Pour Tom Oxley, le PDG de Synchron, cela pose une grande question. “La question est de savoir si un conflit surgit entre l’objectif à court terme d’orienter les résultats cliniques orientés vers les patients et l’objectif à long terme de la symbiose avec l’IA”, m’a-t-il dit. “Je pense que la réponse est probablement oui.”

“Il est important de savoir ce que vous concevez et si vous avez un problème de patient à l’esprit”, a ajouté Oxley. Synchron pourrait théoriquement progresser en augmentant la bande passante en miniaturisant sa technologie et en pénétrant plus profondément dans les branches des vaisseaux sanguins ; la recherche montre que cela est réalisable. “Mais,” a-t-il dit, “nous avons choisi un point où nous pensons avoir suffisamment de signaux pour résoudre un problème pour un patient.”

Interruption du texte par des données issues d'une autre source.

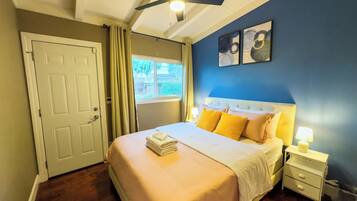 3 soverom, skrivebord, strykejern/-brett og wi-fi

Ben Rapoport, un neurochirurgien qui a quitté Neuralink pour fonder Precision Neuroscience, a souligné que chaque fois que des électrodes pénètrent dans le cerveau, elles endommagent en quelque sorte le tissu cérébral. Et c’est inutile si votre objectif est d’aider les patients paralysés.

“Je ne pense pas que ce compromis soit nécessaire pour la fonction neuroprosthétique dont nous avons besoin pour restaurer la parole et la fonction motrice des patients atteints d’AVC et de lésions de la moelle épinière”, m’a dit Rapoport. “Une de nos philosophies directrices est que la création d’un système d’interface cerveau-ordinateur haute fidélité peut être accomplie sans endommager le cerveau.”

Pour prouver que vous n’avez pas besoin de l’invasivité de type Musk pour obtenir une grande bande passante, Precision a conçu un film mince qui recouvre la surface du cerveau de 1 024 électrodes, le même nombre d’électrodes que l’implant Neuralink, qui délivre des signaux similaires à ceux de Neuralink. Le film doit être inséré par une fente dans le crâne, mais l’avantage est qu’il repose sur la surface du cerveau sans le pénétrer. Rapoport appelle cela la “solution Goldilocks” et il a déjà été implanté chez quelques patients, enregistrant leur activité cérébrale à haute résolution.

“Il est essentiel de procéder à une procédure très sûre qui n’endommage pas le cerveau et qui est de nature peu invasive”, a déclaré Rapoport. “De plus, à mesure que nous augmentons la bande passante du système, le risque pour le patient ne devrait pas augmenter.”

Cela a du sens si votre ambition la plus chère est d’aider les patients à améliorer leur vie autant que possible sans courir de risques injustifiés. Mais Musk, nous le savons, a d’autres ambitions.

“Ce qui ne semble pas intéresser beaucoup Neuralink, c’est que même si une approche plus invasive peut offrir des avantages en termes de bande passante, elle soulève des problèmes éthiques et de sécurité plus importants”, m’a dit Ienca. “À ma connaissance, je n’ai pas entendu de déclaration publique dans laquelle ils indiquent comment ils entendent résoudre les problèmes de confidentialité, de sécurité et d’intégrité mentale générés par leur approche. Cela est étrange car selon les directives internationales en matière d’éthique de la recherche, il ne serait pas éthique d’utiliser une technologie plus invasive si les mêmes performances peuvent être obtenues par des méthodes moins invasives.”

Les méthodes plus invasives, par leur nature même, peuvent réellement endommager le cerveau, comme l’ont montré les expériences de Neuralink sur les animaux.